Prompt
Write the records below out again exactly as given, with no images.

※ ※ ※

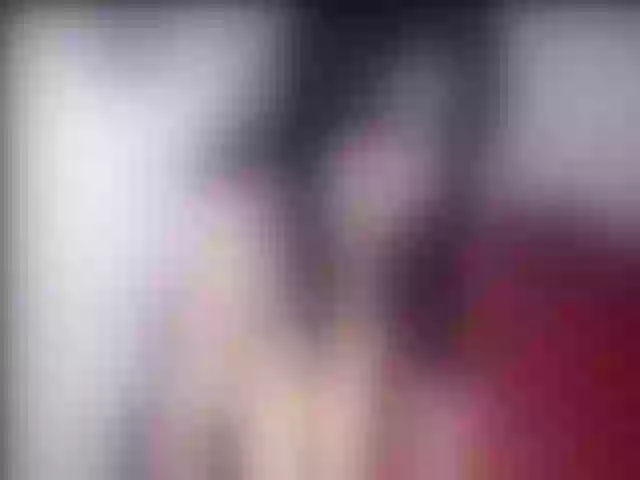 Live sex webcam photo for Sara_sexyy #273784438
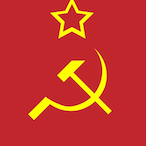Iminflostate's Avatar'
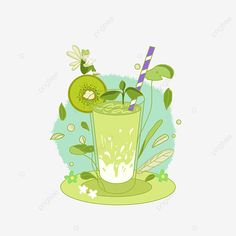 original hi tea style fruit tea creative publicity illustration elements Hi Tea, Tea Png, Illustration Elements, Tea Illustration, Elements Illustration, Fruit Tea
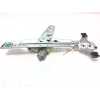 Recambio de elevalunas delantero derecho para peugeot 5008 premium referencia OEM IAM 9222FF 912026106 9682808880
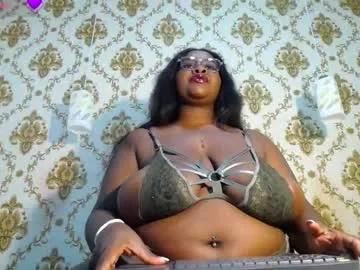 Freechat nahybig_boobs on Chaturbate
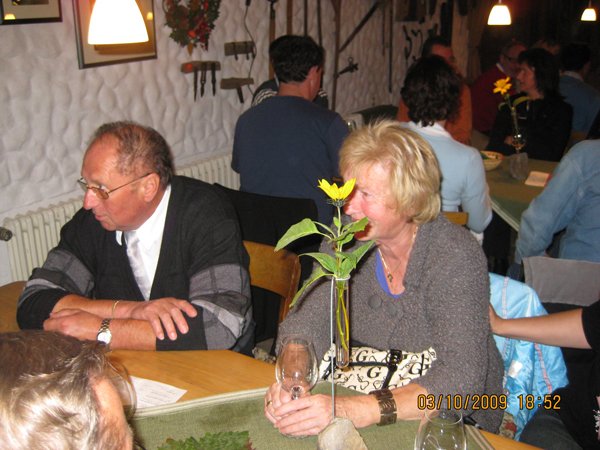 vereinsausflug_an_die_mosel_20_20101217_1819889032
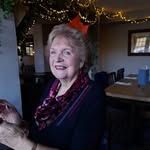 Verna Ford - @vernalynnford - Instagram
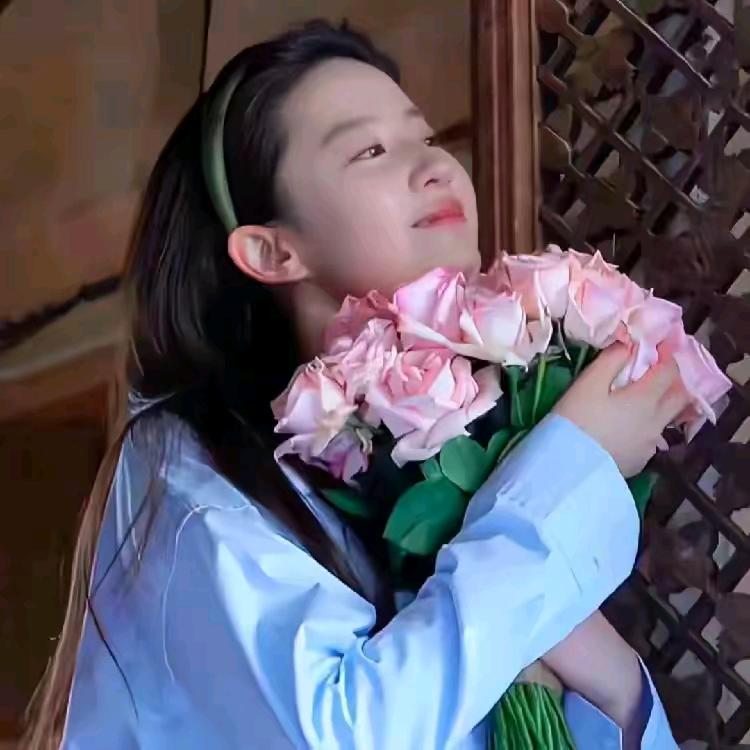 🌈🌈大🔥橙✨子🌈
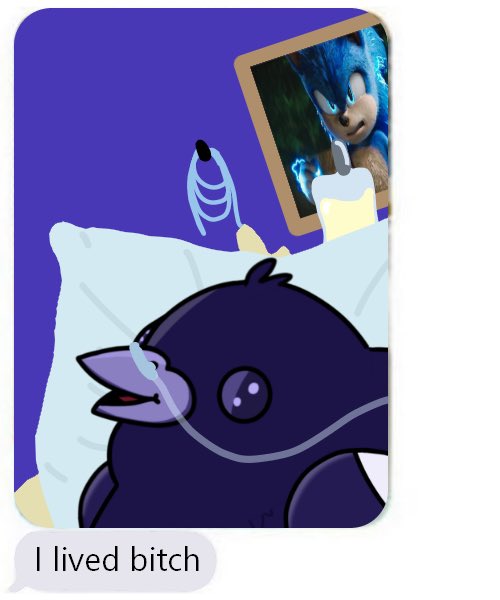 BitsBlight 🐦tuber - INACTIVE tweet media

※ ※ ※

Your response
 Live sex webcam photo for Sara_sexyy #273784438
Iminflostate's Avatar'
 original hi tea style fruit tea creative publicity illustration elements Hi Tea, Tea Png, Illustration Elements, Tea Illustration, Elements Illustration, Fruit Tea
 Recambio de elevalunas delantero derecho para peugeot 5008 premium referencia OEM IAM 9222FF 912026106 9682808880
 Freechat nahybig_boobs on Chaturbate
 vereinsausflug_an_die_mosel_20_20101217_1819889032
 Verna Ford - @vernalynnford - Instagram
 🌈🌈大🔥橙✨子🌈
 BitsBlight 🐦tuber - INACTIVE tweet media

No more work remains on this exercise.